Este deleite afrodisíaco de destruir o sistema (logo, a própria ideia de uma identidade brasileira intocável) concebeu uma criança bastarda, fruto de um ménage à trois entre a Dona Amor, o Senhor Violência e o Seu Estado. Diferentes filmes com diferentes narrativas e dando diferentes voltas, entretanto o absurdo da irrealidade brasileira parece sempre retornar a estes três conceitos: em “Matou a Família e Foi Ao Cinema” de Júlio Bressane, o parricídio que antecede a ida ao cinema torna-se um homicídio entre duas amantes, e no intervalo da sessão uma cena de tortura com Antero de Oliveira, que mal sabia se aquilo era realidade ou sua imaginação clamando por punição. Em “O Bandido da Luz Vermelha” do Sganzerla, Paulo Vilaça é perseguido em um ritmo anárquico pela polícia enquanto brutalmente rouba e mata apenas pelo prazer - quiçá até por amor. Em “Jardim da Guerra” de Neville D'Almeida, o amoroso jardim torna-se bélico pela hostilidade do Estado. Edson, iludido pelo amor jovial, cai em uma cilada ao aceitar levar uma maleta estranha para o cais, onde é preso e torturado pela polícia sem sequer saber o motivo. O Amor, A Violência e O Estado, todos são adjetivos dessa revolução permanente, todos personagens latino-americanos no nosso cinema nacional, que quanto mais progride, mais reconhece sua condição retrógrada. 

Jardim de Guerra (1969), de Neville D’Almeida


“O Cinema Marginal é canibal e sua dieta tropical consiste de estrangeirismos.”

O Homo-Lumiére pintando a Caverna de Lascaux

O atraso tecnológico da nossa pátria e falta de valorização artística (escanteada pelos representantes políticos) nos faz soar como verdadeiros primitivos em comparação aos colonizadores europeus e a potência norte-americana, ainda que pioneiros em conhecimento e técnicas. Primitivos não por escolha própria, mas sim pela imposta colonização que tornou nosso território exausto e impotente.
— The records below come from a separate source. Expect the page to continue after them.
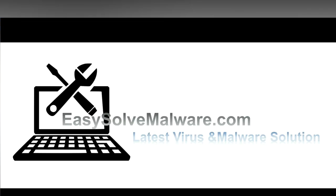That's all. Thank you for watching the video from easy-solve-malware.com. We hope it solves your problem.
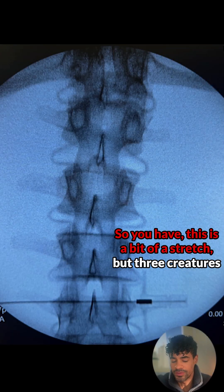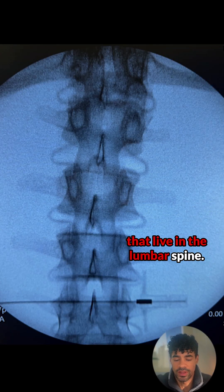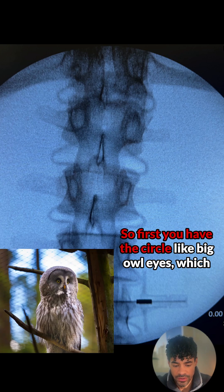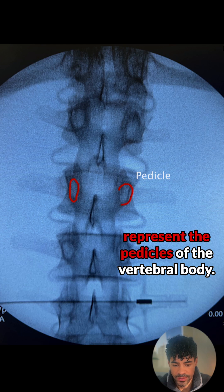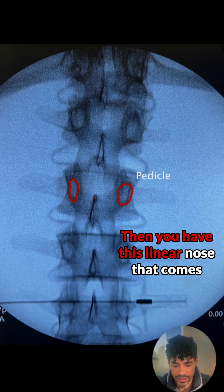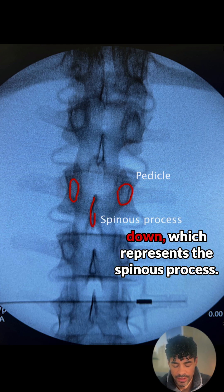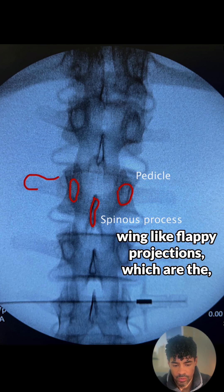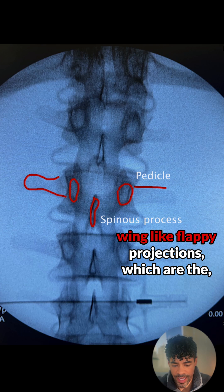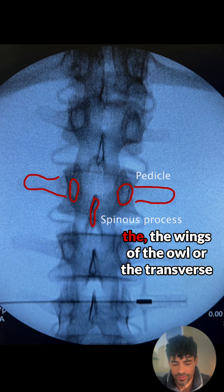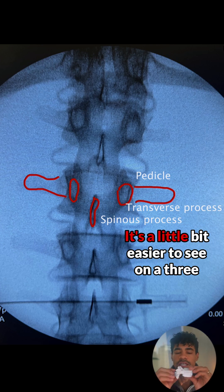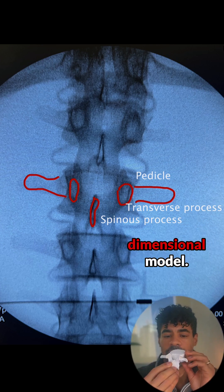This is a bit of a stretch, but there are three creatures that live in the lumbar spine. The first is an owl. You have these circle-like big owl eyes, which represent the pedicles of the vertebral body. Then you have this linear nose that comes down, which represents the spinous process. Then you have these wing-like flappy projections, which are the wings of the owl — or the transverse processes of the vertebral body. It's a little bit easier to see on a three-dimensional model.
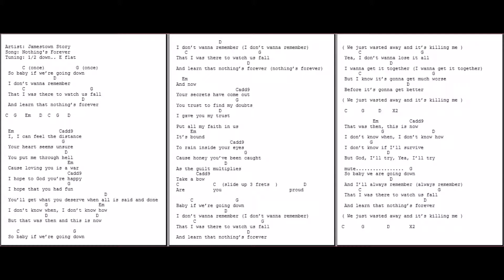So baby, if we're going down, I don't want to remember that I was there to watch us fall and learn that nothing's forever.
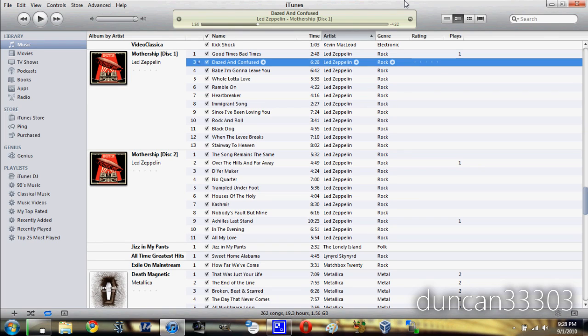Hey guys, so today I'm here with an overview of iTunes 10. There's a lot of talk about it today at the Apple conference. They were talking a lot about Ping as well as some other improvements, so I'm going to go ahead and give you guys an overview.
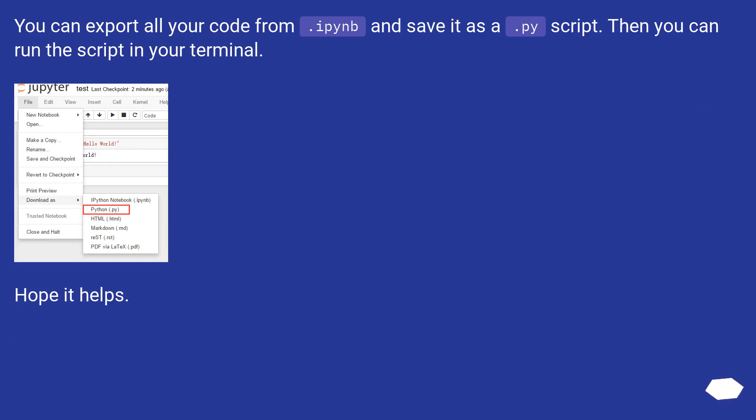You can export all your code from .ipynb and save it as a .py script. Then you can run the script in your terminal. Hope it helps.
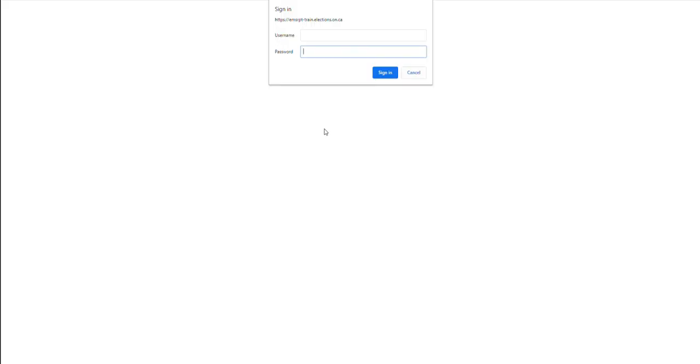You will be asked once more to sign in, as the report center is housed on a different server than EMS. Type in the same username and password you use to sign in to EMS. Then click the sign in button.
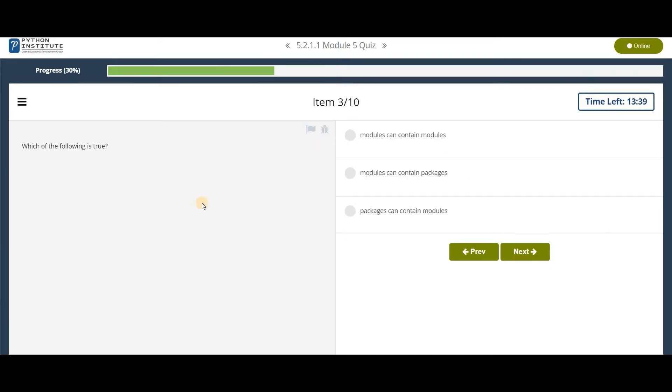Which of the following is true? Modules can contain modules? No. Modules can contain packages? No, it's false. It is the opposite case. Packages can contain modules. So this is the correct option.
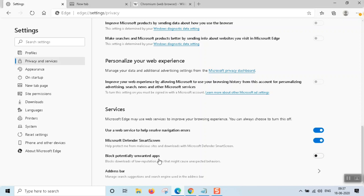Block potentially unwanted applications and block downloads of low-reputation apps that might cause unexpected behavior. We are able to download it from Microsoft, and we are able to scan the status.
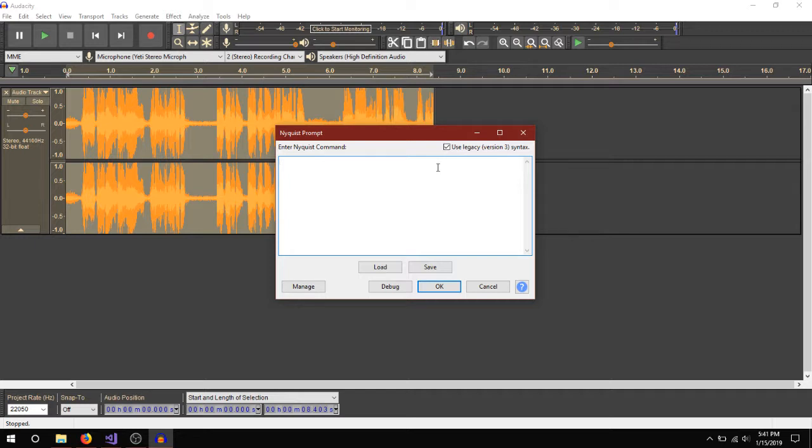And what I typed in earlier is what you're going to need. So the left parenthesis quantize, and then s, and then for. And you can use this for general bit crushing kind of things. But this will help create the effect we're looking for.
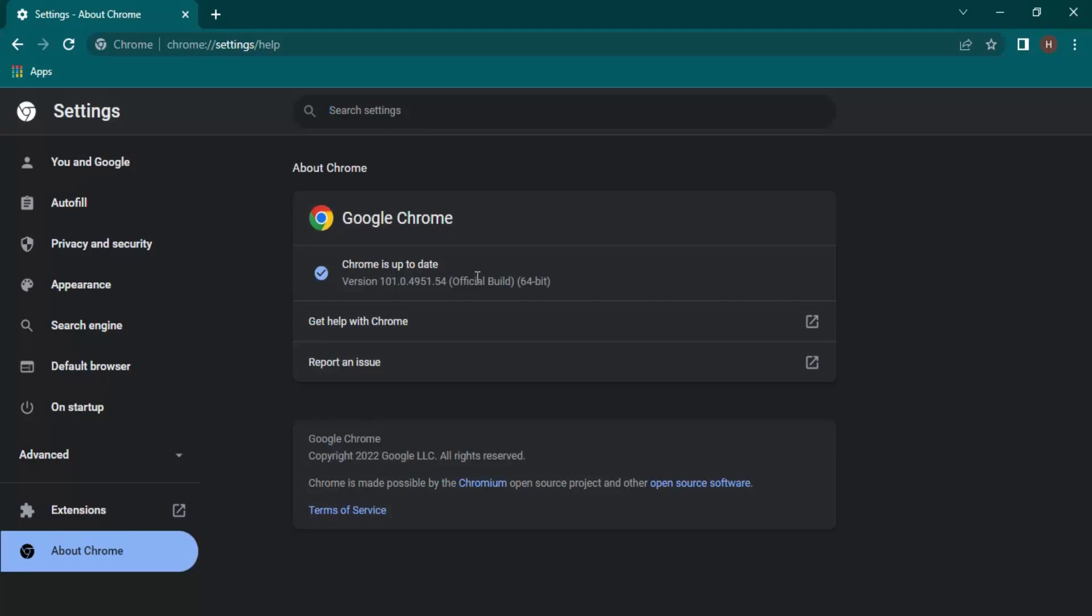In case it's not the latest version, by doing this simple step, Chrome will automatically install the update. Once it's installed, you'll be prompted to relaunch Chrome. There will be a button here for relaunching. You can just click on it so the updates will be installed, and once you relaunch Chrome you'll have the latest version.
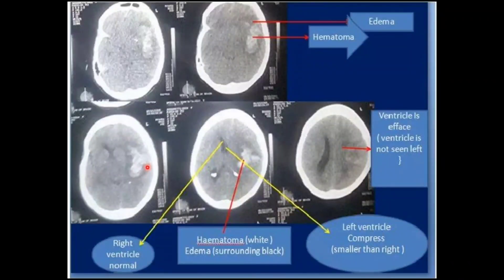These examples show intracerebral hemorrhage without ventricular extension. The hemorrhages are completely surrounded by brain parenchyma, the overlying subarachnoid spaces are normal, the ventricular system is clear with no blood in it, and the cerebral sulci contain no blood — purely intracerebral hematoma without ventricular extension.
Isto se reflete fisicamente no estado de acessibilidade de muitos filmes nacionais: a qualidade ruidosa, a baixa resolução e o áudio estourado. Uma marginalidade literal, que é traficada entre as profundezas piratas da internet que nem se dão ao trabalho de reivindicar os filmes por direito de autor. Pode-se dizer, alegoricamente, que esta arte rupestre audiovisual também retoma a um cinema ancestral do início do século.
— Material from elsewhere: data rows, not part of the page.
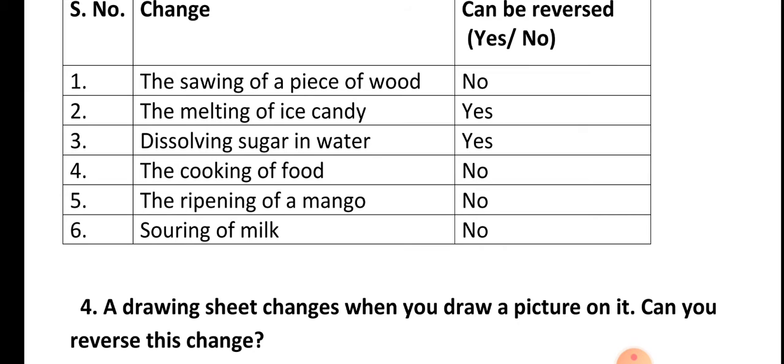Fifth, the ripening of a mango is also an irreversible change because the ripened mango you cannot convert back into a raw mango. Sixth, souring of milk is also an irreversible change.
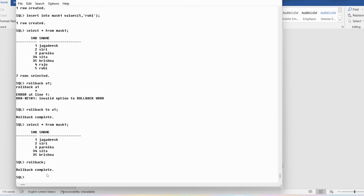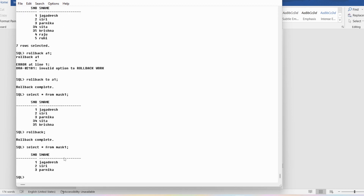If I now give a plain ROLLBACK, it rolls back to the previous commit. The previous commit was given after inserting the first three tuples, so SELECT * FROM mask1 will show only 1 Jagadish, 2 Siri, 3 Parnika. To summarize: ROLLBACK TO <savepoint_name> rolls back to that savepoint; plain ROLLBACK rolls back to the previous commit or rollback. If you have any doubts about COMMIT, ROLLBACK, or SAVEPOINT, ask in the comments. Thank you for watching — have a nice day!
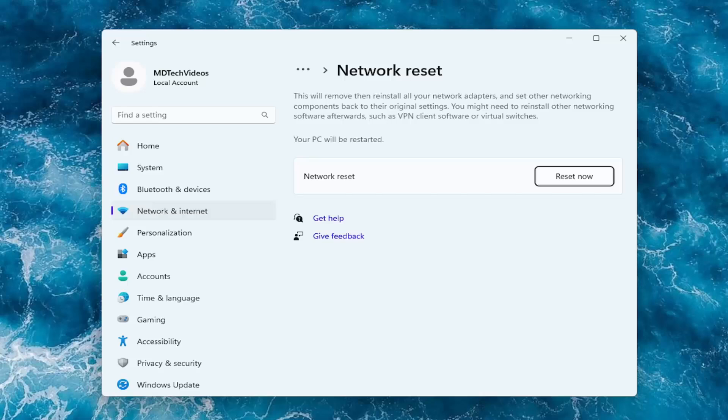So if you're using a Wi-Fi connection, you will need to have your credentials nearby because once you select the reset now button, your computer will restart within five minutes and you will need to have those credentials if you want to get back on the internet.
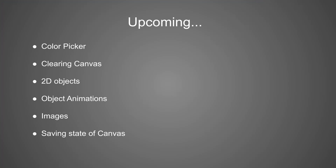This concludes part 2 of the tutorial. In the upcoming video, we will add a color picker to our project, learn about how to clear our canvas, add 2D objects, and hopefully get to other topics such as object animations, images, and saving/restoring the state of our canvas.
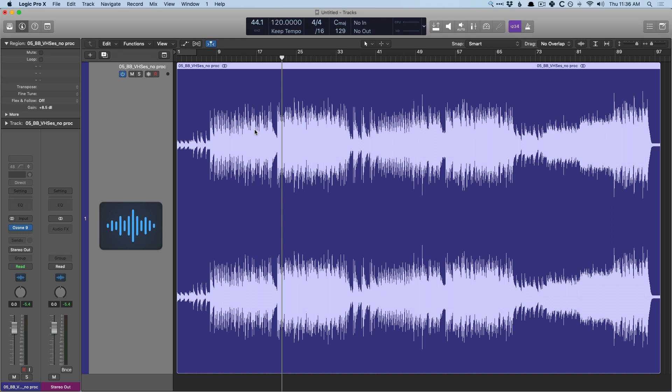It's not necessarily a mastering engineer's job to change our mixes. It could just be thumbs up, sounds great. But more often than not, they're doing a little nip and tuck to get our tracks to a more professional standard.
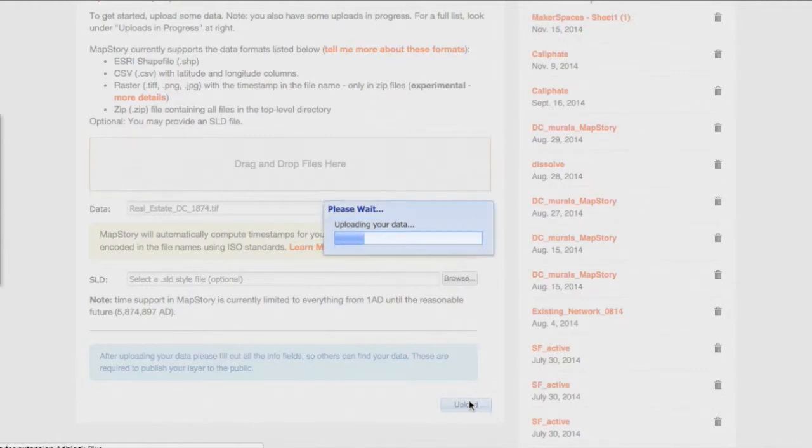Now this may take a couple of minutes. The files are large, so it takes MapStory a little while to process the data.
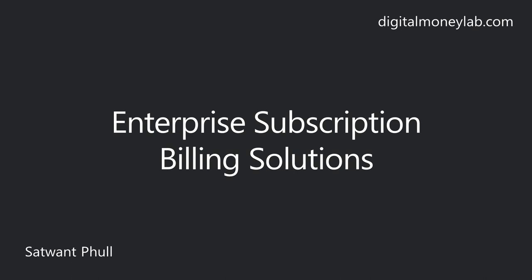Hi, my name is Satwant and welcome to this video where I'll be showing you some of the best subscription billing systems which are designed for large enterprises. Before we begin, if you're a small to medium-sized business, please watch my video called 6 Best Subscription Billing Software Systems, where I go through solutions that are probably more suitable for your company.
"Até o Início do Século XX os filmes eram fragmentos da existência real e imaginada"

- Mark Cousins

Nossa história infelizmente não é contada por uma câmera IMAX 3D, e sim por um cinematógrafo a manivela. O Cinema Marginal, mais do que todos, expressa analogicamente este regresso ao primitivismo, onde a decupagem e a montagem ainda eram meios experimentais e não apenas recursos narrativos, onde os filmes se dividiam entre amontados de fragmentos documentais e um cinema de atrações teatral e infantil, onde a limitação técnica e sonora faziam Murnau ou Griffith abraçarem a poesia lírica. Apesar de não carregar consigo o mesmo grau de fascínio e a excitação inocente que uma vez na história, fora capaz de levantar o público aos gritos com “A Chegada do Trem Na Estação”, o apito do trem e a espontaneidade expressiva ainda iria ecoar nas câmaras escuras e cinemas abandonados da Boca do Lixo. O cinema marginal parece dilatar esta tênue linha divisória entre a existência real e imaginada citada por Cousins, mas mais do que isso, cozinha uma relação genética com toda a história do cinema, apesar de um clímax inconsciente. Como dizia Jairo Ferreira, talento antropofágico, e não colonialista.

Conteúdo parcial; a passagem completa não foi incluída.